» Directions
Give back every line of the material below exactly, but no images.

» Data below

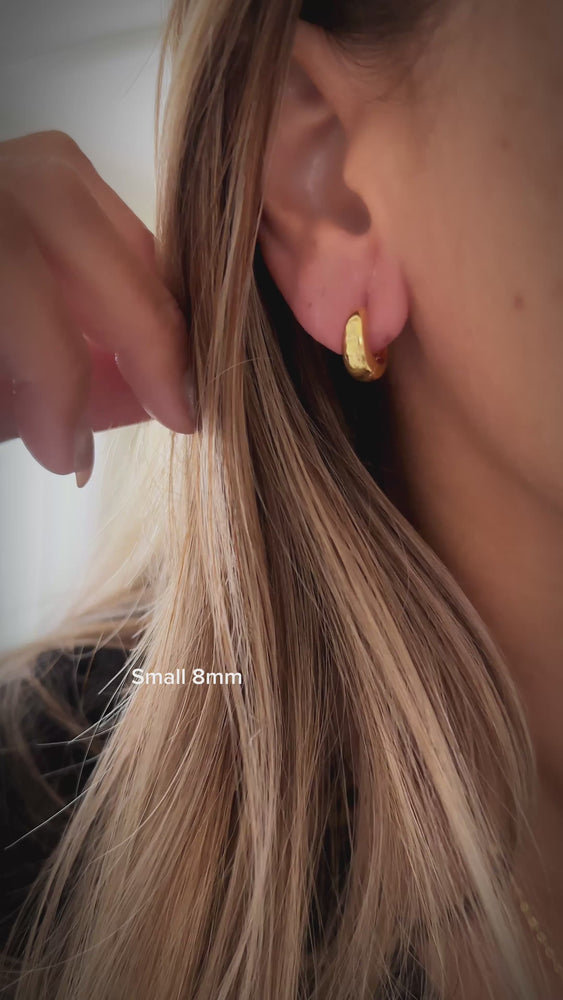 
            
                Load and play video in Gallery viewer, Era Huggie Hoop Earrings
            
        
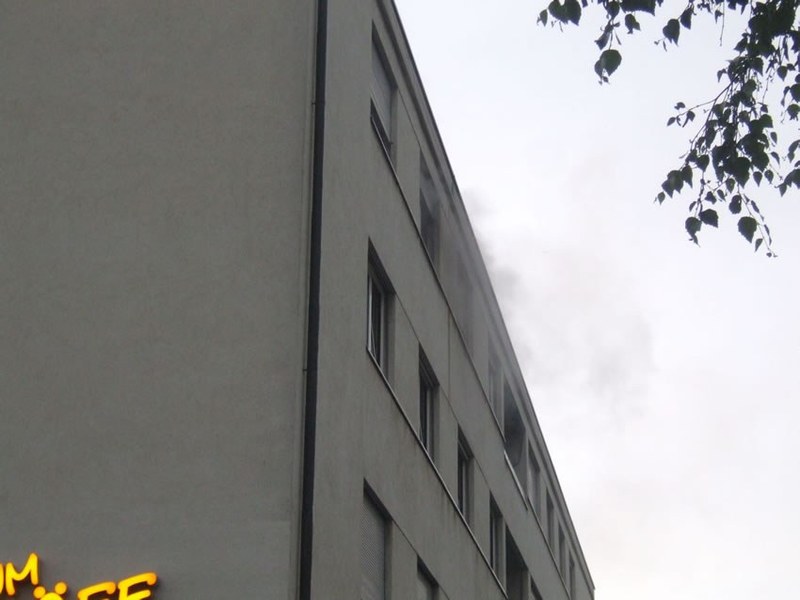 423_1_01.jpg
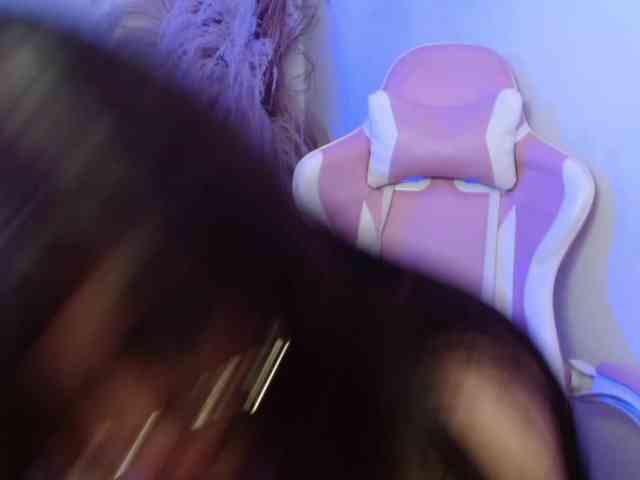 Diana-the-giant webcam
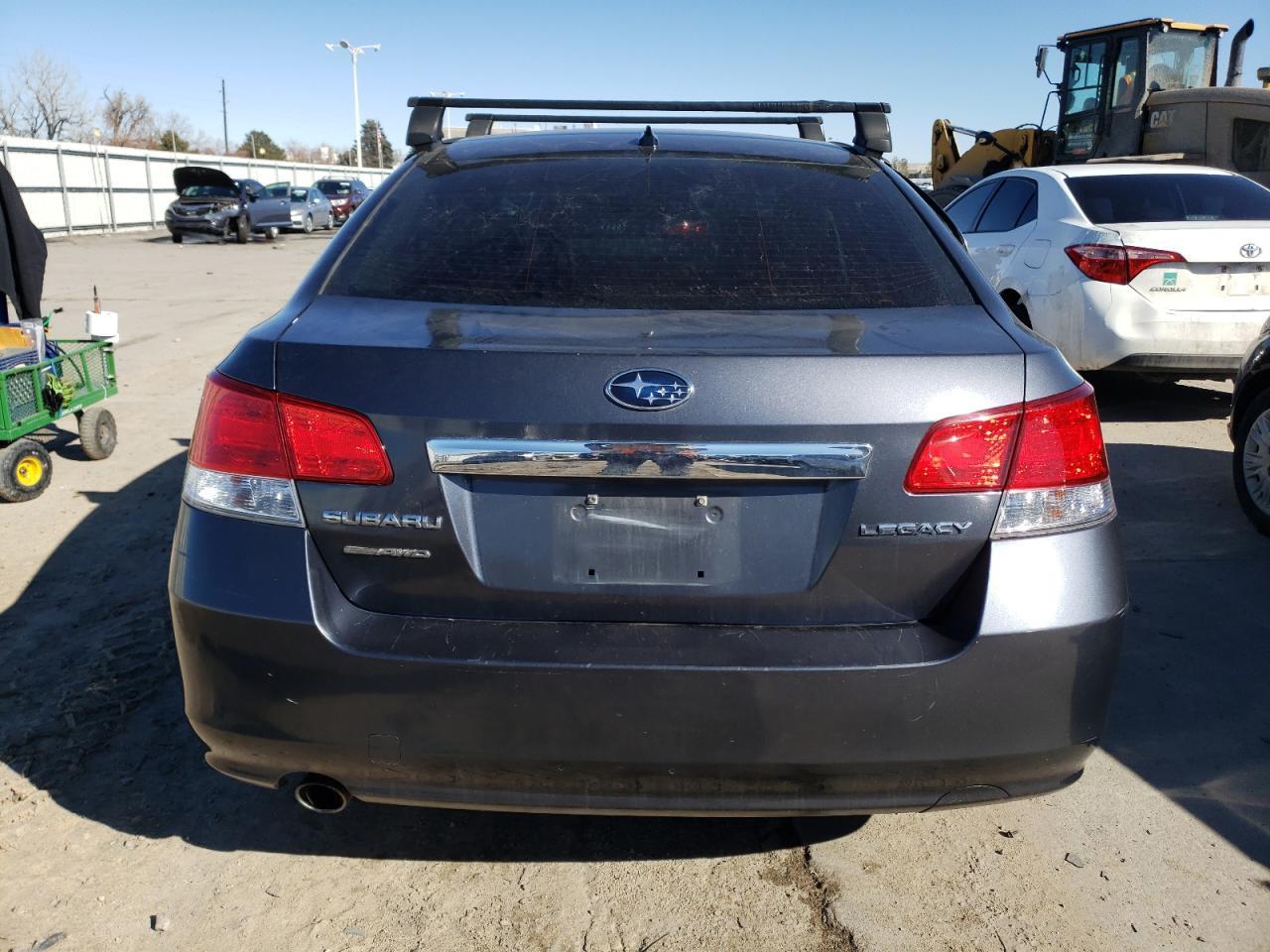2014 SUBARU LEGACY 2.5 - Image 6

» Solution to this task
                Load and play video in Gallery viewer, Era Huggie Hoop Earrings
            
        
 423_1_01.jpg
 Diana-the-giant webcam
2014 SUBARU LEGACY 2.5 - Image 6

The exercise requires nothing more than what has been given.